What are your strategies for reducing the amount of meat in your diet?

Monday, 27 February 2012

Slashing Your Grocery Bill - Part II

This is a continuation of my ruminations about the strategies  in the Tightwad Gazette.   Amy published 17 ideas for saving money on food.  Last week I talked about those I think we use well.    For these, I think we are sort of in the middle:


Gardening - The whole of the (small) green space in the back of the house is given over to growing veg and fruit, however, the range and volume of foods grown there aren't very impressive.  This is partly due to the cooler weather and shorter growing season than other areas enjoy.  We have various possibilities for creating greenhouse space that we've not explored, partly out of laziness and partly because travel and gardening aren't always compatible.   I think we could possibly do better than we do, but we need to resolve that conflict and I've not yet got my head around that.




Bulk Buying - In the past we've been excellent at this. So much so that we've backed off and have focused on emptying the cupboards and freezers to ensure we're not storing food we'll never get around to eating. These days we shop with a list and pretty much only buy what is on it. If there is a great deal on one of those items we buy lots of it (I bought 20 jars of marmalade once when it went on sale for half price; Bill eats marmalade 99% of the time, so I knew it wouldn't go to waste). However, I don't trawl the store looking for other bargains, so we don't have the stock we once did. I have a feeling I might soon suffer from the sticker-shock we tightwads sometimes experience.

Elimination of Non-nutritious Foods - Amy's list of junk they still bought included coffee, tea, sugar and cocoa. I would have to add tonic, which I like to mix with the fruit juices I find too sweet, and the occasional bottle of lemonade or soft drink. We also buy wine and (when Jane and Chris come) gin, but alcohol is not included in our food budget (nor are toiletries or cleaning supplies).

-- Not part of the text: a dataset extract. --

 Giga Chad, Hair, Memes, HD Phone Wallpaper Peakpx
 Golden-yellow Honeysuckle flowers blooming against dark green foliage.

Choosing Less Expensive Foods - This refers to the idea of choosing tinned tuna instead of tuna steaks, ground beef instead of beef steaks, fruit and veg in season instead of the same foods all year round, etc.   I sometimes wonder if I've fallen victim to the 'superfood' marketing ploy, as we bought broccoli week after week until we started growing curly kale ourselves.  Adding more oily fish to our diet is another thing that costs more.  Bill doesn't care for chicken pieces with bones in, so I buy boneless breasts wholesale and freeze them separately.   We still buy red and yellow bell peppers and sweet potatoes for their nutritional properties. These are relatively expensive, as are butternut and other squashes. We grow and eat beets but find they are not our favourites.  If they weren't so healthy I'd give them a miss altogether, but I am prepared to eat things I only like a little if I think they are really good for me.  So in little ways due to preference and seeking health benefits we have made more expensive choices.  If I were going to be tougher about the food budget, I'd probably start here by looking up the nutritional value of various foods (again).   

By the way, Bill recently sent me a link that suggested one could save £400 per year buying frozen rather than fresh.   My guess is that frozen is more likely to be cheaper if one insists on eating out-of-season items, but I rarely find better deals (except for frozen peas) in the frozen food section than buying in-season at the green market.


Portion Comparison - This also refers in part to choosing less expensive foods. For example, instead of paying for boxes of cereal, make a batch of pancakes from scratch. Amy once published that the price per ounce of brand name cereals was on a par with beef steak. On the cereal front, I can recommend raw oatmeal (porridge) with sliced bananas, milk and sugar.   If you don't care for this idea, home made muesli is not too hard.  Another aspect of this that she doesn't mention is something we're guilty of: when we have a whole roast chicken or a gammon joint we probably don't contain ourselves to a single portion at that first meal, we rather pig out. It's a small luxury, but it does contribute to the increase in our food budget.


Preservation of garden surplus - When we have surplus we definitely freeze it, but this is not a common occurrence. As a rule, we just eat our way through whatever is available because the volume isn't that great and/or because the plants will last long enough for us to finish them off.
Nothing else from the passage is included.